Ground Shrinkage: It Happens, but Does it Matter?
This past week, I filled my 2012 spring bear tag. The tag is a difficult one to draw (for the past 5 years it has been drawing at about a 15% rate) and I filled my tag with a full month left in the season. When I shot the bear from 180 yards away, I was certain that I was shooting a bear of approximate size to the one I’d shot two years prior that checked in at six feet squared. When I found this year’s bear piled up in the brush, however, it became immediately evident that I’d made a gross miscalculation in size. This was a 1 1/2 year old bear and was not close to the six foot boar I’d taken two years ago. I never felt any disappointment, though, and as I tell my story of this year’s hunt, I’m amazed at how often people expect me to be sorry for shooting a small bear.
I admit to experiencing ground shrinkage – this was certainly not the size of bear I thought it was – but, I ask myself: “If I had known the true size of this bear, would I still have shot it?” To which I can answer every time, “Yes, without question.”

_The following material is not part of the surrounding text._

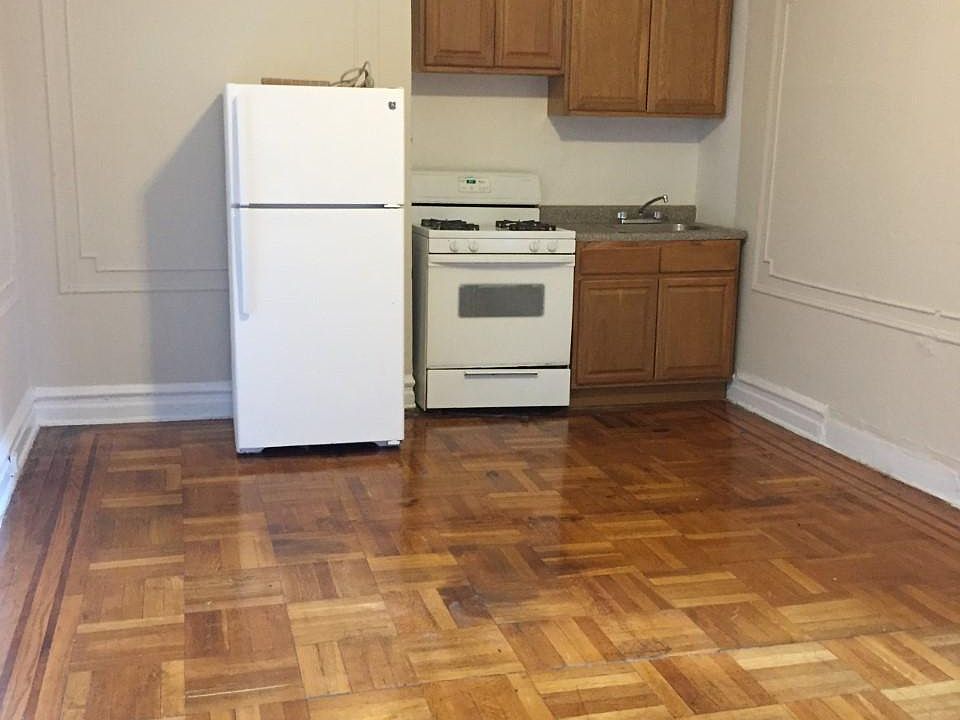 1st image of 94 34th Ave #D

In answering that question with confidence, I can be assured that in my particular case, ground shrinkage doesn’t matter. I’m not a trophy hunter. I never have been, and probably never will be. I feel a certain amount of guilt when I’m hunting while my wife chases two young kids all day at home after having been doing that all week. I’m usually trying to satisfy my craving for a hunt while maintaining an awareness of my wife’s point of view. As our children advance in age and we’re able to hunt as a family, that won’t be such a big deal anymore, but I imagine I’ll still be a meat-first hunter. I admire the families of trophy hunters and I admire trophy hunters to a certain degree, as well. It takes discipline to pass on animals not knowing if you’ll see another one – let alone a larger one. And, it takes a very understanding family to take care of the home front while a hunter passes on legal animals. It’s not for me at this point in my life.

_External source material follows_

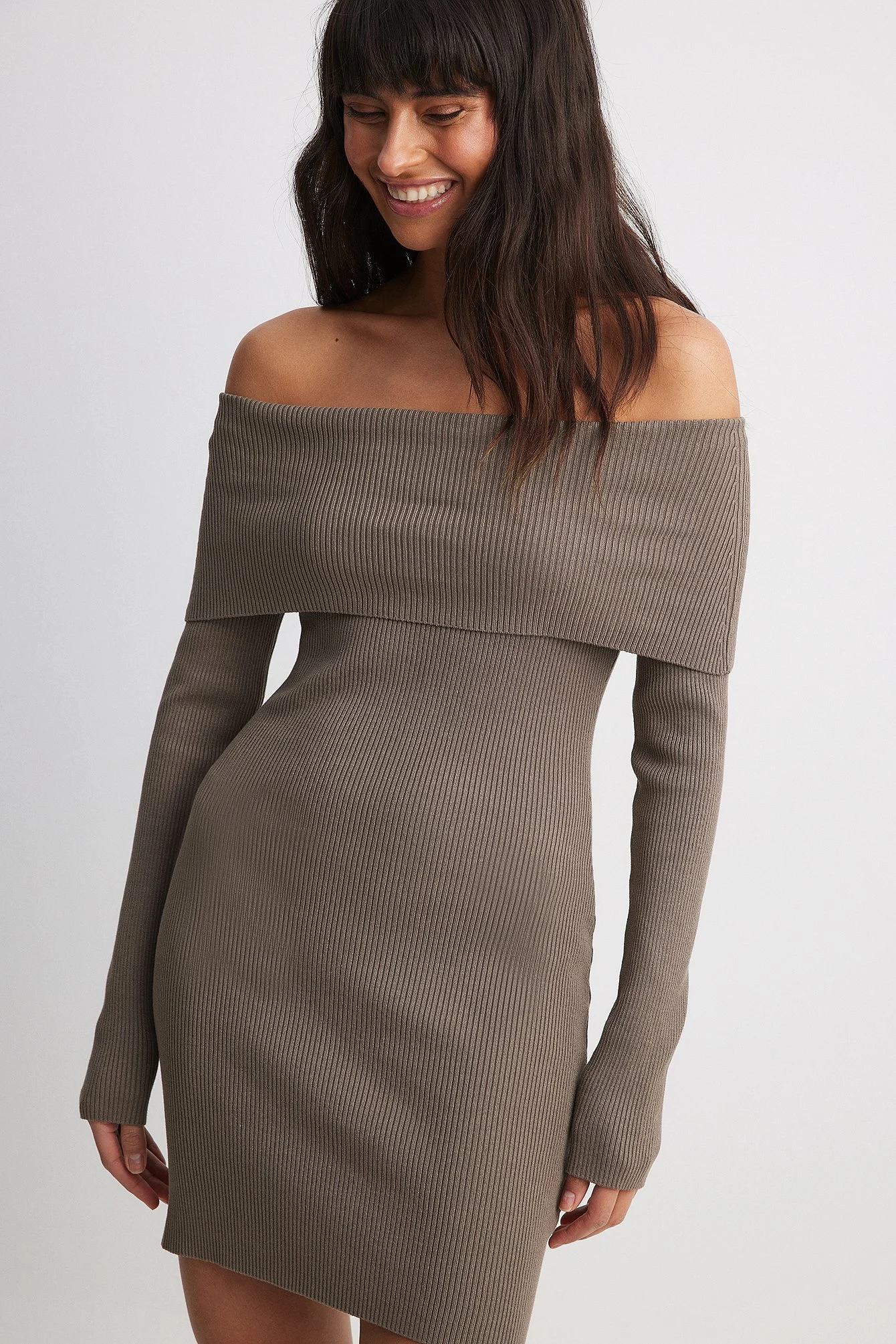 Schulterfreies Strick-Minikleid mit Falteneffekt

One theory for the difference in hunting styles is that I love the taste of wild game so much I cannot stand the thought of going a year without. But, I imagine that there are plenty of trophy hunters that love wild game just as much as I. Another way I like to think about it is that I’m simply hunting the way my predatory instincts tell me to hunt. When is the last time you’ve heard of a wolf letting an animal go because it was too small? I’m not really sure what separates the hunting styles, but I know that it doesn’t really matter. The world needs both types. Trophy hunters and meat-first hunters strike a balance. If everyone was a meat-first hunter, the laws would be so restricted and the game so few that none of us would likely be doing much hunting. If everyone was a trophy hunter, the game would be too prolific. It takes both kinds.

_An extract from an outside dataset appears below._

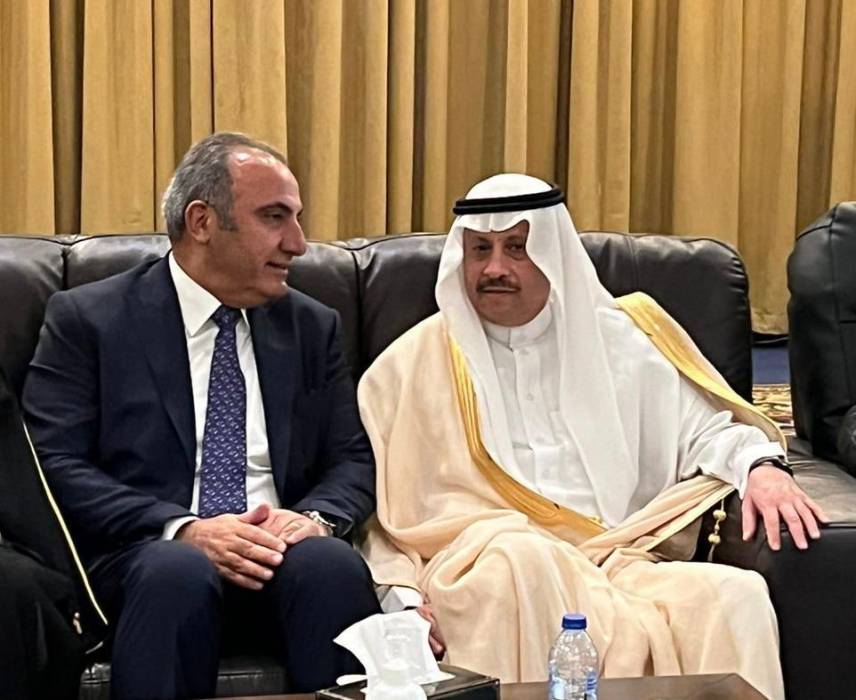السفير السعودي يعزي بوفاة رمزي مشهور الجازي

I realize I’ve been wandering, now. Let me try and get back on task – ground shrinkage is supposed to be a disappointing experience. Yet, I experienced it this past weekend, and I argue that I felt no disappointment except that I’d be getting a little less meat than if I’d shot an older and larger bear. Trophy hunting isn’t for everyone, just as meat-first hunting isn’t for everyone. I don’t know why this is so difficult to understand or accept, but I will continue to tell my bear story without remorse. And I’ll continue to eat on that bear, one delicious bite at a time.